Breeding structure of a colonising species: Aedes albopictus (Skuse) in the United States

Abstract
Allelic and genotypic frequencies were monitored at seven enzymatic loci in newly established Aedes albopictus (Skuse) populations in the United States. Populations were sampled within the cities of New Orleans, Louisiana, Houston, Texas, three counties surrounding Houston, Memphis, Tennessee, Jacksonville, Florida, and Evansville and Indianapolis, Indiana. Unique alleles and relatively high levels of heterozygosity were detected in New Orleans, Houston, surrounding counties and Indianapolis suggesting relatively large and independent introductions in these cities. No unique alleles and low heterozygosities were detected in Memphis, Evansville and Jacksonville suggesting that a population bottleneck may have accompanied the founding of these populations. The bottleneck may have resulted from a small number of founding individuals or may have been generated through repeated control efforts.
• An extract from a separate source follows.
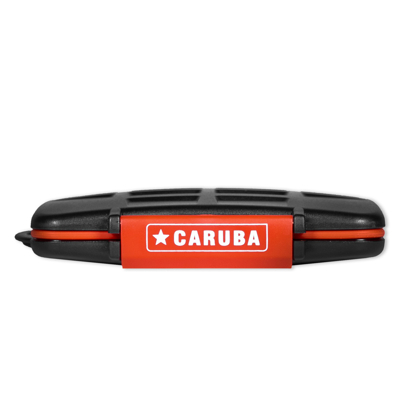 Caruba Multi Card Case MCC 2 (8xSD) (8xSD)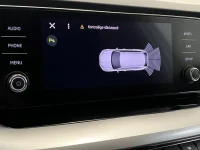 Skoda Octavia Combi Ambition 1.5 110kW thumbnail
Genetic distance estimates indicated that Houston, New Orleans and Indianapolis were genetically similar. Evansville and Memphis were also found to be similar. Significant differentiation of allele frequencies existed among and within cities. Variance in allele frequencies among all samples was partitioned into the variance among cities and among locations within cities. Most of the variance was attributable to local differentiation. The most parsimonious explanation of this result is that much genetic drift accompanied the establishment of local populations in cities and that there has been little subsequent gene flow. Analysis of genotypic frequencies detected a slight but consistent excess of homozygotes suggesting inbreeding.